# Meldahl tips



## SOSmith (Mar 21, 2008)

Gonna try thre tommorow. Never been before. Any ramps on the Ohio side. Would like for my two boys to catch something. Strippers or wipers maybe. Any tips.......


----------



## powerstrokethis (Mar 17, 2008)

3/4 oz jigging spoons have worked for us around the lock approach they are also really easy for kids or anyone for that matter to use, we catch all kinds of species on them sauger to catfish and white bass. 
Outdoor Hub mobile, the outdoor information engine


----------



## Bassky (Oct 7, 2008)

Neville ramp, just east of Moscow on Rt 52. Nice ramp only 1 mile below dam. Went yesterday, fished from 5:30 am till noon. Fishing was slow. Caught 2 drum, 1 lm bass, 1 sm bass. No whites or stripers.
Bassky


----------



## SOSmith (Mar 21, 2008)

Did u anchor down. Or do you drift around. No sure how close you can get to dam. I caught a few white and that was it

Outdoor Hub mobile, the outdoor information engine


----------



## Bassky (Oct 7, 2008)

no anchor. Stayed on the TM below the dam. Got about 100 yards below the dam on the KY side fishing the rocky banks.
Bassky


----------



## FischerKing (Nov 18, 2011)

I'm going to be heading down to the river this weekend and fish for lg/sm/ky bass, anybody been down to the medal pool lately, I'm going to be putting in at Augusta, and with a small boat and motor will not be able to run to far. Just wondering if the fish are in the creeks or the river and how this rain we are supposed to get will effect the fishing, or any baits that have been hotter than others? Any help would be greatly appreciated! Thanks in advance ! 

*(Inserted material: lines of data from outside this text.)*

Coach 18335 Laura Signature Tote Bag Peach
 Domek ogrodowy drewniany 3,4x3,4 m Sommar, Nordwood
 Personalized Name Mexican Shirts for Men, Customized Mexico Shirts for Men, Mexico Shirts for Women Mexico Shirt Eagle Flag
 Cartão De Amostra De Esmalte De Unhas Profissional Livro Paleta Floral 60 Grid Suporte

Outdoor Hub mobile, the outdoor information engine


----------



## Bassky (Oct 7, 2008)

look for the shad. Bracken creek right there in Augusta. Fish SHALLOW, fish the stumps or any isolated wood with a small worm, 4" in green pumpkin or black/blue. Locust Creek is good. Fish the mouth there too. Any wood on mainlake or weedbeds.
No shad, no bass.
Bassky


----------